Premium growth and profit higher than planned
The profitability, financial stability and capital adequacy of the Triglav Group remain high. Progress has been made in all insurance markets.
“The past year has been successful,” said the President of the Management Board of Zavarovalnica Triglav Andrej Slapar and continued: “The consolidated profit before tax at year-end was even higher than planned. For the second year in a row, the Group recorded premium growth; the combined ratio in non-life insurance in 2016 was better than expected. We are pleased that our credit rating has been upgraded from “A–“ to “A”. The mid-term outlook is stable. These results prove that the Group has maintained a high level of profitability, financial stability and capital adequacy.”

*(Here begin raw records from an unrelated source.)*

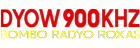 Bombo Radyo
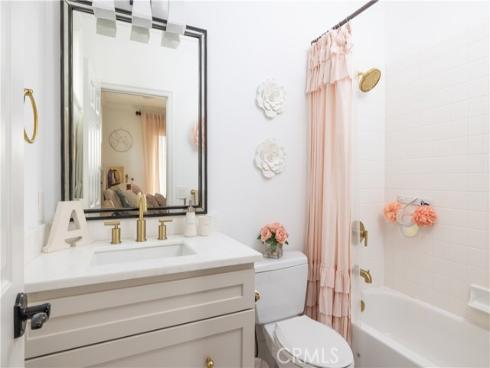 16 Elliot Lane, Coto de Caza, CA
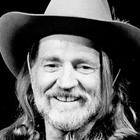 Immagine di Willie Nelson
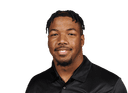 Jordan Davis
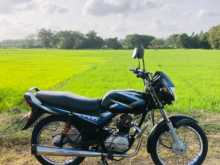 https://riyasewana.com/uploads/bajaj-ct-100-2215390413163.jpg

Opportunities for further growth
In 2016, the Triglav Group further consolidated its market position in the region. In its largest market in Slovenia, the Group's leading market share has increased to 36.2%. Market share increases have also been recorded in all major markets outside Slovenia where the Group sees the greatest opportunities for further growth and developments. The first man of the Triglav Group Andrej Slapar stressed the satisfaction over the fact that the macroeconomic conditions in these markets continue to improve. »We have been present in markets in the region for a long time and we know them well. This is an advantage, allowing us to develop our products and services efficiently and tailor them to the specificities of each individual market.”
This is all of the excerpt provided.